THE NINETEENTH CENTURY saw an enormous increase in the ability to produce wealth. Steam and electricity, mechanization, specialization, and new business methods greatly increased the power of labor.
Who could have foreseen the steamship, the railroad, the tractor? Or factories weaving cloth faster than hundreds of weavers? Who could have heard the throb of engines more powerful than all the beasts of burden combined? Or envisioned the immense effort saved by improvements in transportation, communication, and commerce?
Surely, these new powers would elevate society from its foundations, lifting the poorest above worry for the material needs of life. Imagine these new machines relieving human toil, muscles of iron making the poorest worker's life a holiday, giving our nobler impulses room to grow. Given such bountiful material conditions, surely we could anticipate the golden age long dreamed of. How could there be greed when everyone had enough? How could things that arise from poverty — crime, ignorance, brutality — exist when poverty had vanished? Such were the dreams born of this wonderful century of progress.

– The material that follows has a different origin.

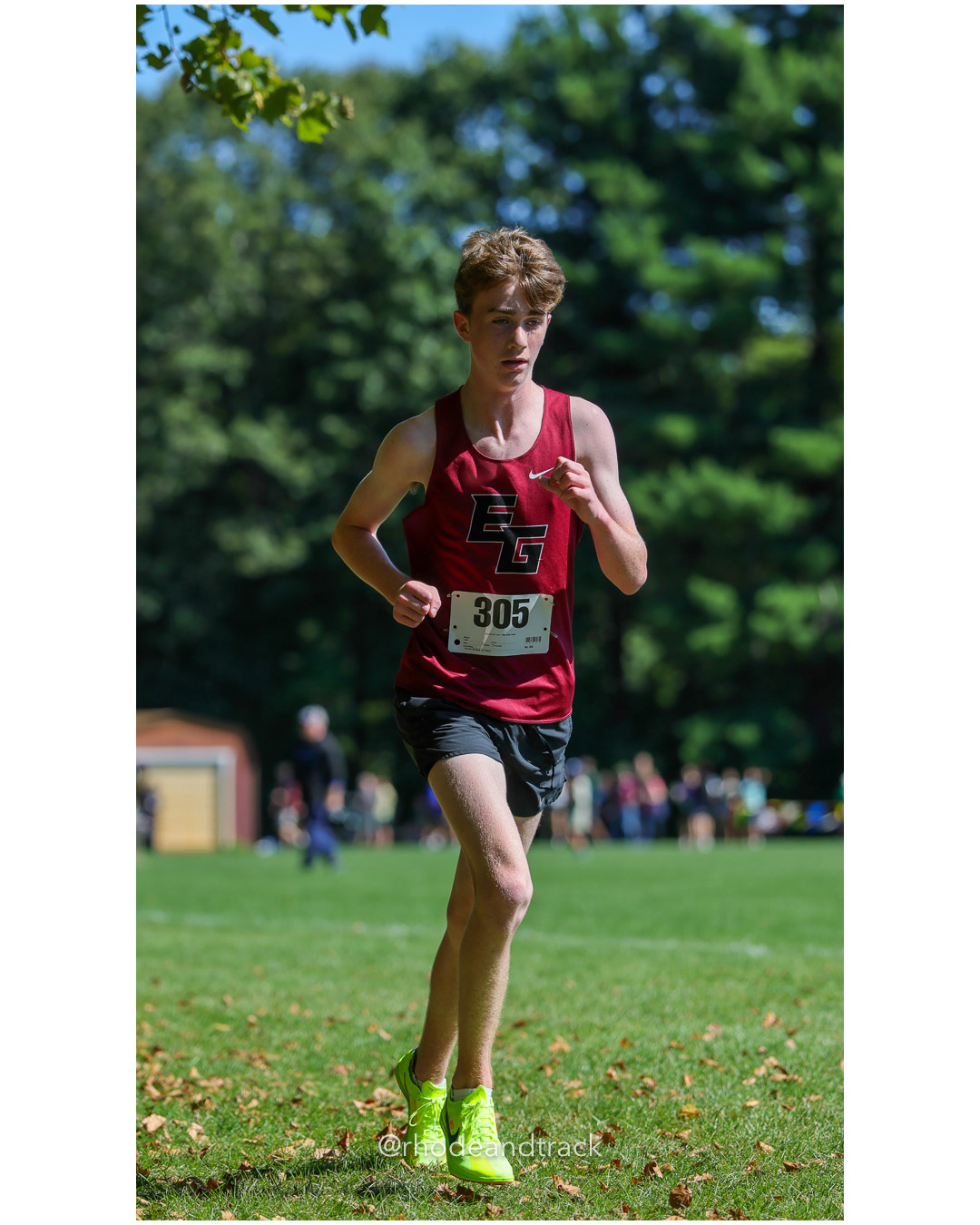 Quinn Connolly - East Greenwich High School - 18:14.49 - 2025 Injury Fund Carnival XC Cross Country Race - Deerfield Park, Smithfield RI -…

True, there were disappointments. Discovery upon discovery, invention after invention still did not lessen the toil of those who most need relief or bring plenty to the poor. But it seemed there were so many things that could be blamed for this failure that our faith has hardly weakened. Surely we would overcome these difficulties in time.
Yet we must now face facts we cannot mistake. All over the world, we hear complaints of industrial depression: labor condemned to involuntary idleness; capital going to waste; fear and hardship haunting workers. All this dull, deadening pain, this keen, maddening anguish, is summed up in the familiar phrase "hard times."
This situation can hardly be accounted for by local causes. It is common to communities with widely differing circumstances, political institutions, financial systems, population densities, and social organization. There is economic distress under tyrannies, but also where power is in the hands of the people. Distress where protective tariffs hamper trade, but also where trade is nearly free. Distress in countries with paper money, and in countries with gold and silver currencies.
Beneath all this, we can infer a common cause. It is either what we call material progress, or something closely connected with it. What we call an industrial depression is merely an intensification of phenomena that always accompany material progress. They show themselves more clearly and more strongly as progress goes on.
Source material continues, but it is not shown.